Site Reliability Engineer (P673)
About Us:
As a SR Site Reliability Engineer at Kenility, you’ll join a tight-knit family of creative developers, engineers, and designers, who strive to develop and deliver the highest quality products into the market.
Technical Requirements:
- Bachelor's degree in Computer Science or Information Technology, or a comparable qualification.
- Extensive hands-on experience with Linux systems, focusing on optimization, troubleshooting, and performance.
- Strong proficiency in Python for scripting, automation, and system management.

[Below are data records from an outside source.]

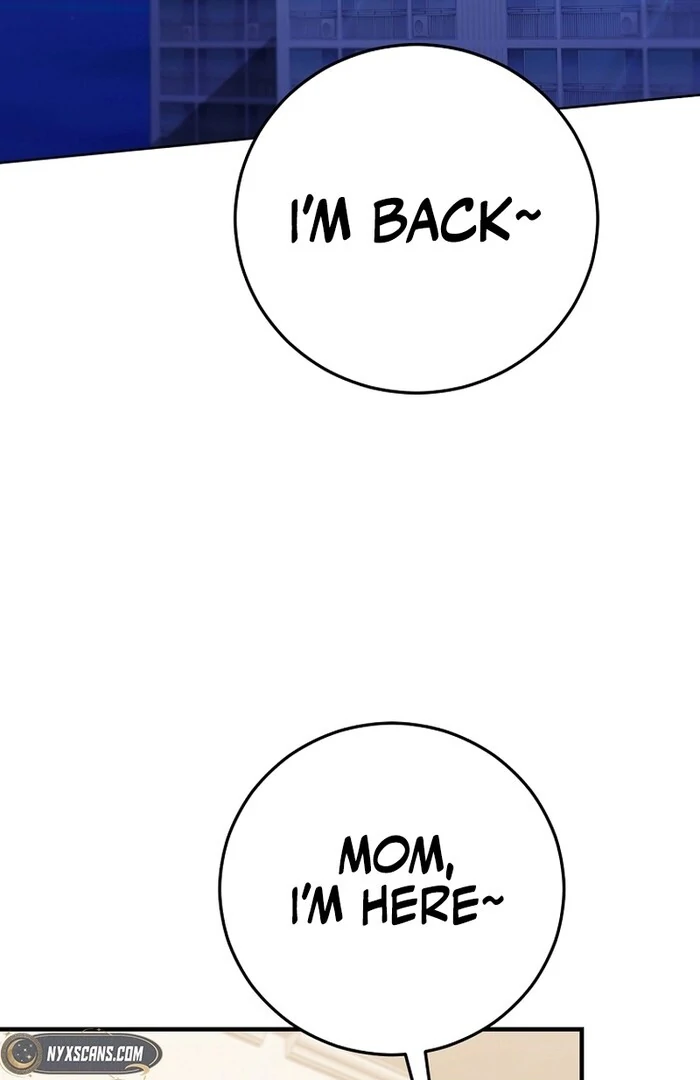 I Am in the Same Class as the Crazy Male Leads Chapter 42 459 026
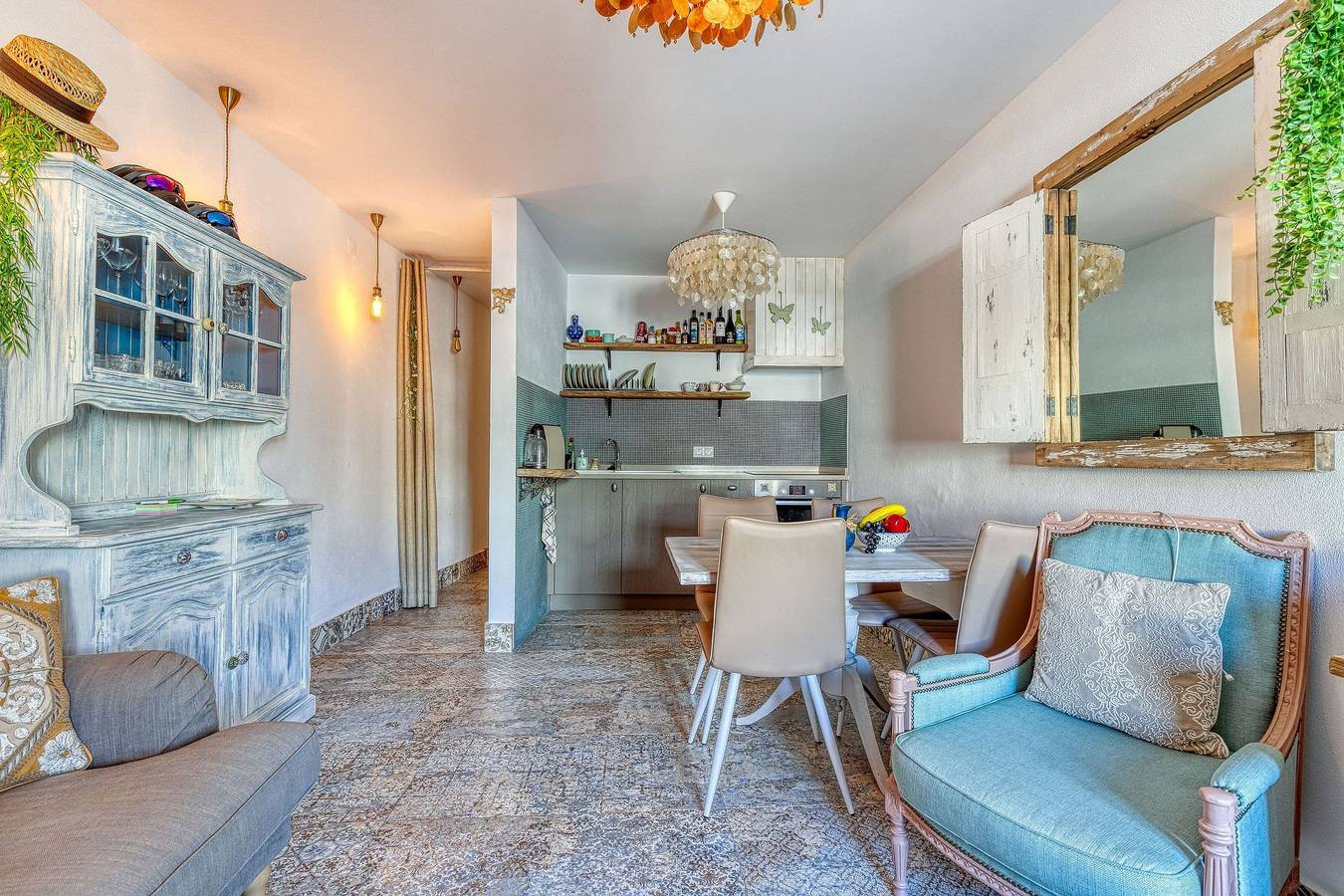 Casinha das Escadinhas - Ferragudo · Charming trad in Ferragudo, Faro Distrikt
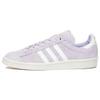 Trampki Campusnstuff x Campus Originals lata 80. 'Homemade Pack - Cupcakes' FW6758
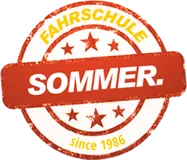 Logo Sommer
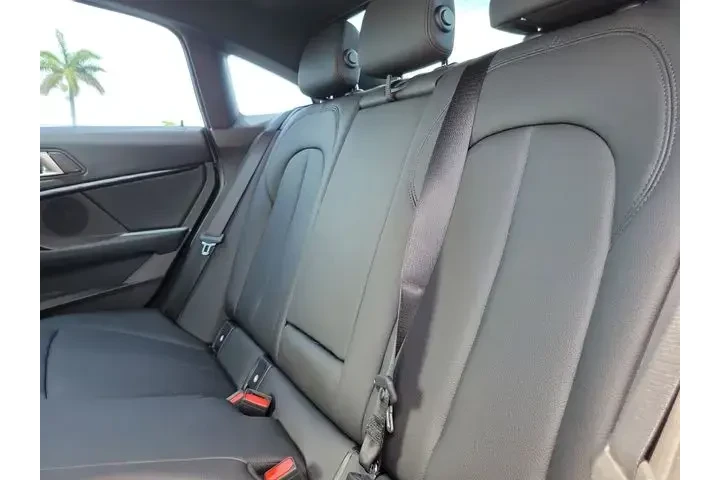 $21591 : BMW 2 Series 2021 228i Gran image 8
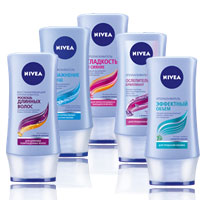 Nivea nagykereskedelmi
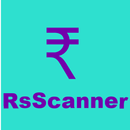 Modi RsScanner APK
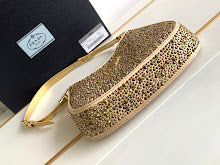 new-designer-premium-bags-nm1822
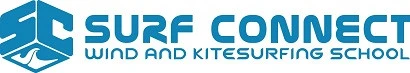 Surf Connect Wind & Kitesurfing School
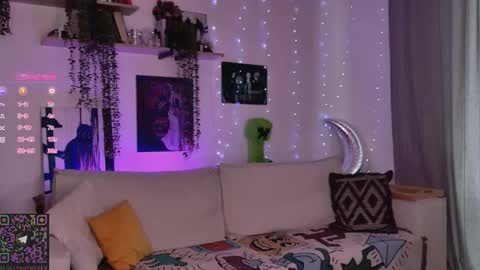 Lolly online show from February 20, 2026, 8:27 am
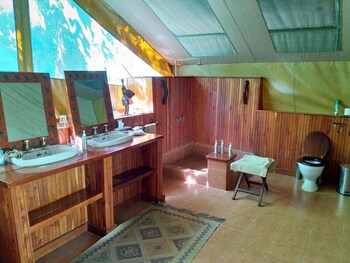 maasai mara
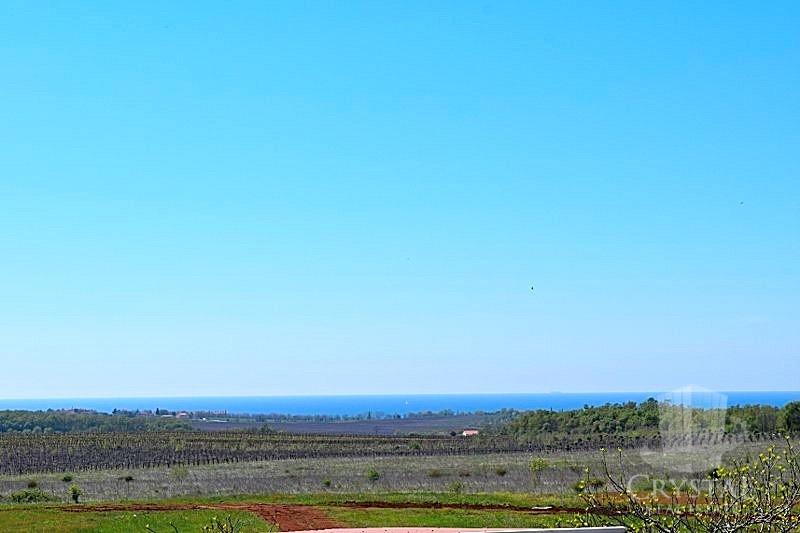 Hiša Novigrad 23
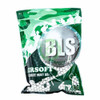  BLS Perfect High Precision BB | Non-Bio | .20g through .50g 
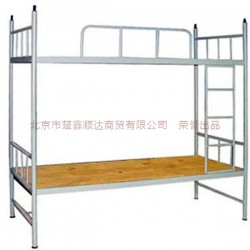 上下床廠家，北京質(zhì)量硬的北京上下床,認(rèn)準(zhǔn)北京楚鑫順達(dá)商貿(mào)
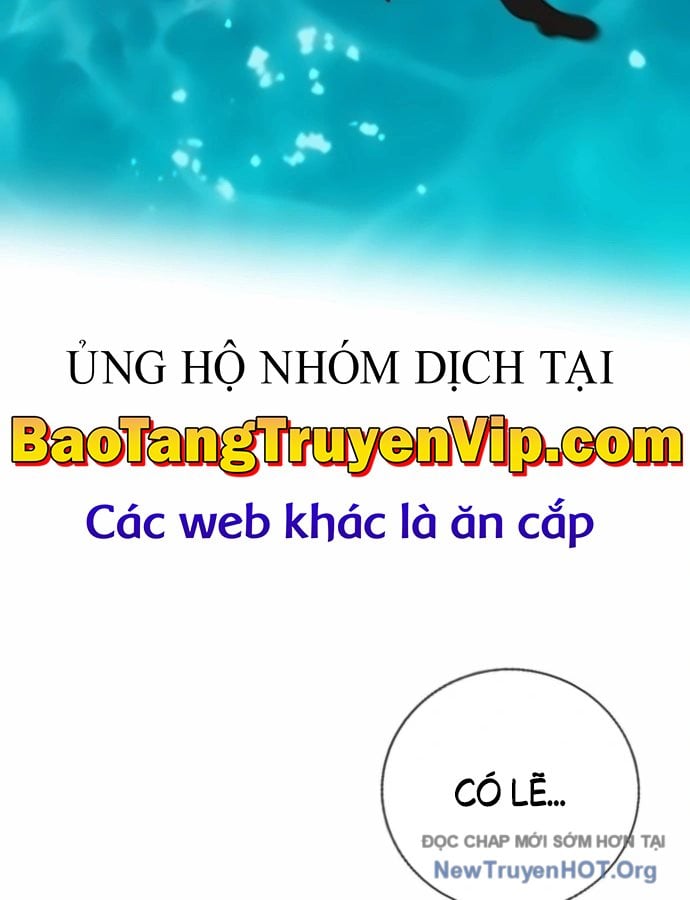 Mọi Người Đều Yêu Cô Ấy: Chapter 16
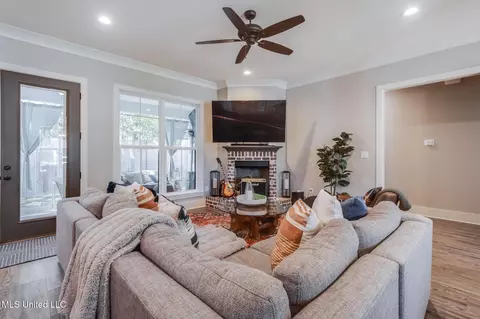 Other - 111 Driftwood Dr, Long Beach, MS 39560 photo 1 of 6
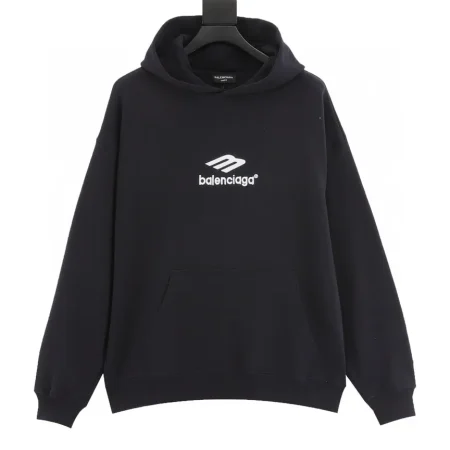 New Collection Sweater  / - 30028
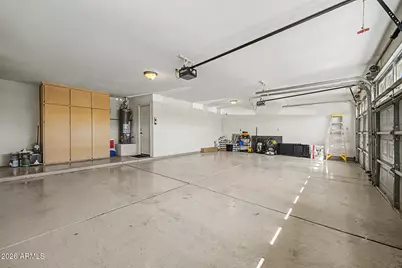 768 N 168th Avenue, Goodyear, AZ 85338 - Photo 31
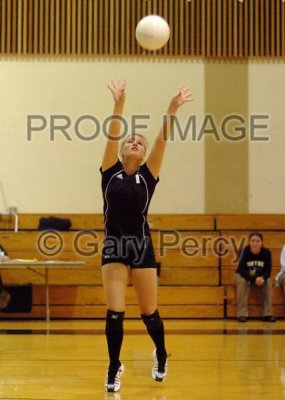 volleyball14_3893.jpg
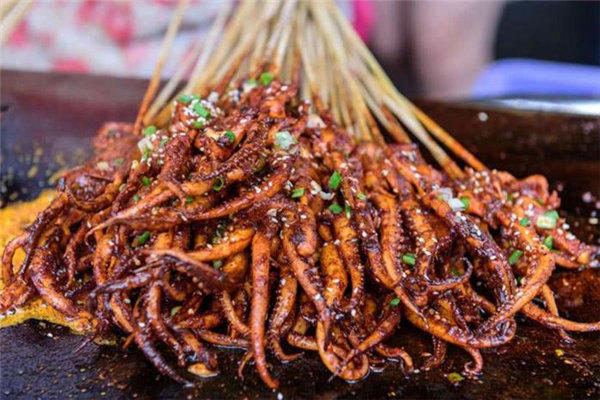 暴利行业排行榜2020，有些行业都知道但是敢做的人不多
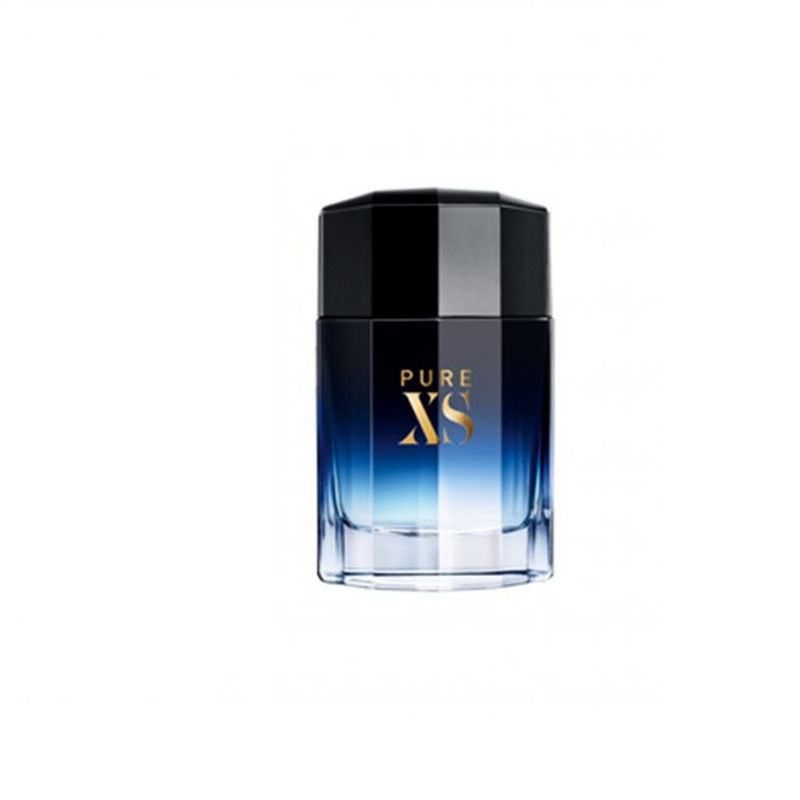 Paco Rabanne Pure XS EDT 150ML for Men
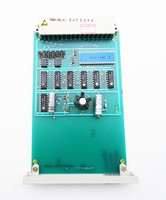 Iskamatic B ZW11 6FQ2931-0A -Un- Original Nuevo de Fábrica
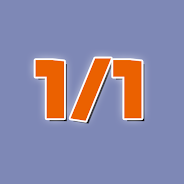 Main Pasangan Nomor on PC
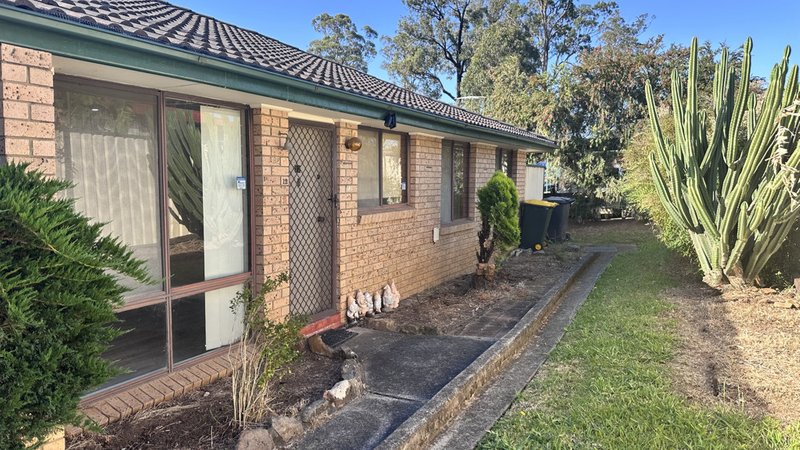 Unit 12/28 Koala Avenue, Ingleburn NSW 2565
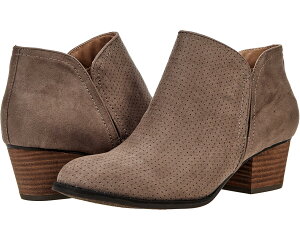 (���) ���C�t�X�g���C�h ���f�B�[�X �u���C�N LifeStride women Blake Doe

- Deep understanding of Kubernetes (K8s) and related container technologies like Docker or Podman. Experience with Slurm is a plus.
- Proven experience with Helm, Terraform, and Ansible for scalable infrastructure management.
- Proficiency in GitLab CI/CD, GitHub Actions, or similar tools to maintain efficient deployment workflows.
- Hands-on experience with monitoring tools like Prometheus, Grafana, or the ELK stack to oversee system health and performance.
- Understanding of database performance tuning and management in distributed systems.
- Familiarity with Agile development methodologies.
- Experience with cloud platforms like AWS or Google Cloud is highly desirable.
Soft Skills:
- Responsibility
- Proactivity
- Flexibility
- Great communication skills